Aug 18, 2020 | Daily Space, Quasar, Stars

Cosmic Cloud’s Gamma-Ray Heartbeat Puzzles Scientists
IMAGE: The microquasar SS 433 (background) sways with a period of 162 days. The inconspicuous gas cloud Fermi J1913+0515 (foreground), about 100 light years away, pulsates with the same rhythm, suggesting a direct connection. But how exactly the microquasar drives this ‘heartbeat’ of the gas cloud is still puzzling. CREDIT: DESY, Science Communication Lab

Two objects, 100 light-years apart, appear to be pulsing to the same rhythm, and it’s thought that they may be related, but it is all deeply confusing. 

It all started with a black hole in a binary system with a massive star. The system is called SS 433. The black hole is gravitationally stripping material from its companion as they whirl around each other every thirteen days.
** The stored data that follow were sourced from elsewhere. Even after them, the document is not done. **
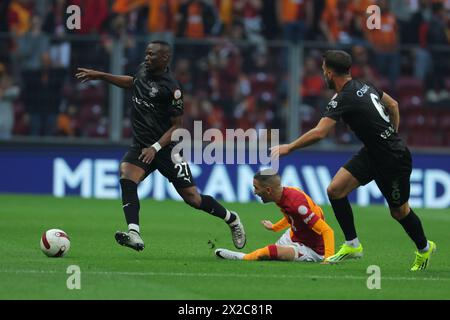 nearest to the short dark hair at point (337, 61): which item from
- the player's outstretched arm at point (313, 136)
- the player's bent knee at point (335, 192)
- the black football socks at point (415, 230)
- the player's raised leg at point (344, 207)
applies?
the player's outstretched arm at point (313, 136)

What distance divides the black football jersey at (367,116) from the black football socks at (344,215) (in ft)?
1.99

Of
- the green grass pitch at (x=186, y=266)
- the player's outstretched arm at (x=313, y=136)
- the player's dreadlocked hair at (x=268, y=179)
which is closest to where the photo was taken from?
the green grass pitch at (x=186, y=266)

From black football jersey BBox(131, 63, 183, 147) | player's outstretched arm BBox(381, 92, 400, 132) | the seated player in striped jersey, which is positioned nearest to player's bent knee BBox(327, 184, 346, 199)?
the seated player in striped jersey

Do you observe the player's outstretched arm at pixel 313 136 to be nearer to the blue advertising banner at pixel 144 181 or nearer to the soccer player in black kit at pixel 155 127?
the soccer player in black kit at pixel 155 127

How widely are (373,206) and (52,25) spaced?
711 cm

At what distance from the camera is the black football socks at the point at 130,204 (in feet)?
38.5

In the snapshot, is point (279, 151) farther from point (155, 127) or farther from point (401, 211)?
point (155, 127)

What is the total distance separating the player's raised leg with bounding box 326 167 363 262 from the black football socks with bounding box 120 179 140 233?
6.64 feet

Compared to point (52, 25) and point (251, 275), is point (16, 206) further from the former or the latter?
point (251, 275)

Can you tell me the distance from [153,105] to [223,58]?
30.8 feet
That material spirals into the black hole, generating a disc that in turn drives a jet. Now, like an imperfectly spinning top, this entire spinning, orbiting mess is wobbling, with its wobble painting out a circle as it precesses. This precession causes the jets to appear as a spiral, since their origin point is going around and around, and using several years of Fermi data, a research team has figured out that precession takes 162 days. So far, so good. This is all fairly standard behavior for a microquasar.

When we widen our field of view, however, and look at the surrounding material, something weird can be seen. An otherwise average blob of gas, with the unassuming name Fermi J1913+0515, is giving off its own gamma-ray pulse every 162 days. This blob of gas isn’t aligned with where we currently see the jets pointing. The only thing tying these two systems together is their 162-day period. 
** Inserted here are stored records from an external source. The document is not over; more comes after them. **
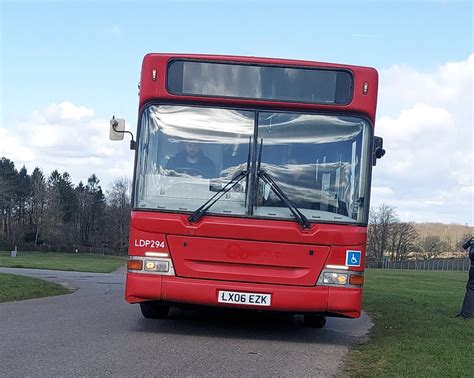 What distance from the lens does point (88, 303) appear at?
45.4 ft

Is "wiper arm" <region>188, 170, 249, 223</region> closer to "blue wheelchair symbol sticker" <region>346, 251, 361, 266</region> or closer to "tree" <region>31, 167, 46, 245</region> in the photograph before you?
"blue wheelchair symbol sticker" <region>346, 251, 361, 266</region>


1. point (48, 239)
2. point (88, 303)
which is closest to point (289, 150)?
point (88, 303)

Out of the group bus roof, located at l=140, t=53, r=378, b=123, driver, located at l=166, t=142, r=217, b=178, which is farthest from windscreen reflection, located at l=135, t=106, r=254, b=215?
bus roof, located at l=140, t=53, r=378, b=123

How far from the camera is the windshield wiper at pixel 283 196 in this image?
336 inches

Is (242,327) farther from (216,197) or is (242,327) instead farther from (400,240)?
(400,240)

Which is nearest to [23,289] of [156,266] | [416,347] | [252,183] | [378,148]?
[156,266]

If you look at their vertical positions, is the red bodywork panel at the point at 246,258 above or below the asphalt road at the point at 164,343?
above

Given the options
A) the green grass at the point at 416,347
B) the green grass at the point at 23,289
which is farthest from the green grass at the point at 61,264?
the green grass at the point at 416,347

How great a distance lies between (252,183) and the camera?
28.4 ft

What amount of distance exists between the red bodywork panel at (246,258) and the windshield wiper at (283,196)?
97 millimetres

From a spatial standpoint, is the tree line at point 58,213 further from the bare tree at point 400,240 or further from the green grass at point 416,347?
the green grass at point 416,347

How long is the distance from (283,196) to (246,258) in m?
0.91

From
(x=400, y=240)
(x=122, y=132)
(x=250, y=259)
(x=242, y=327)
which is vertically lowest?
(x=400, y=240)

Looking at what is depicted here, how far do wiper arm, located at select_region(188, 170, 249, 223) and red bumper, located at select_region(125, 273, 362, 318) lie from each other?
0.80 meters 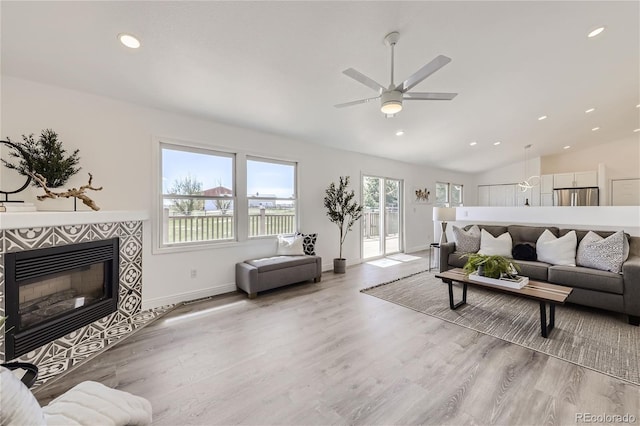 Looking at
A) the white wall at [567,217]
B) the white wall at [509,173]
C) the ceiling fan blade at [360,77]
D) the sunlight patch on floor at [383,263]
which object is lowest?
the sunlight patch on floor at [383,263]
According to led researcher Jian Li: Finding such an unambiguous connection via timing, about 100 light-years away from the microquasar, not even along the direction of the jets is as unexpected as amazing. But how the black hole can power the gas cloud’s heartbeat is unclear to us. 
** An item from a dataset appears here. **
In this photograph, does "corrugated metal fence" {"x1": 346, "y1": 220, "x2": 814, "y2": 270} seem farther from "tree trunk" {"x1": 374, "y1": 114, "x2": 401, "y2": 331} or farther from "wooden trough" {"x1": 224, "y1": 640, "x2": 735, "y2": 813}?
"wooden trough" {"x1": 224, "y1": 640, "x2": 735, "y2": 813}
According to the paper on this system, which appears in Nature Astronomy, one possibility is that the accretion disc around the black hole is also precessing, and particles from the edge of this disc are illuminating the distant gas. A possible mechanism is the release of high-energy hydrogen protons that zip through space and collide with the gas to create the periodic gamma-ray pulse. If this is the case, this is the first time this kind of system has been discovered, and a lot of theoretical work is required to try and figure out what physics best matches this bizarre system.

I’m honestly not sure how I feel about high-energy particles from a black hole’s accretion disc being able to excite gas 100 light-years away into generating gamma-rays. What I do know is that it is an area of the galaxy we probably don’t want to visit.

More Information

Deutsches Elektronen-Synchrotron (DESY) press release 

University of Central Florida press release 

Gamma-Ray Heartbeat Powered by the Microquasar SS 433,” Jian Li et al., 2020 Aug. 17, Nature Astronomy 

2 Comments

  1. Ziggeman

    Perhaps the reason is this:The black Hole has sucked Up all the left spinning quarks of the gascloud while the right spinning ones är mysteriously left in place. Now as the left ones, in the black hole are under pressure from unknown forces inside the event horizon, the right ones, outside, in the gascloud are flickering syncronized. Explained with ENTANGLEMENT.?
    Greetings / ziggeman

    Reply
  2. David Czuba

    What the article doesn’t say is if the 162-day gamma burst cycles between the two objects are synchronous, meaning at the same time. Given the 100 light-year distance, synchronous events are highly unlikely. The article should point whether there is a time lag, and by how much, between the two object’s gamma bursts.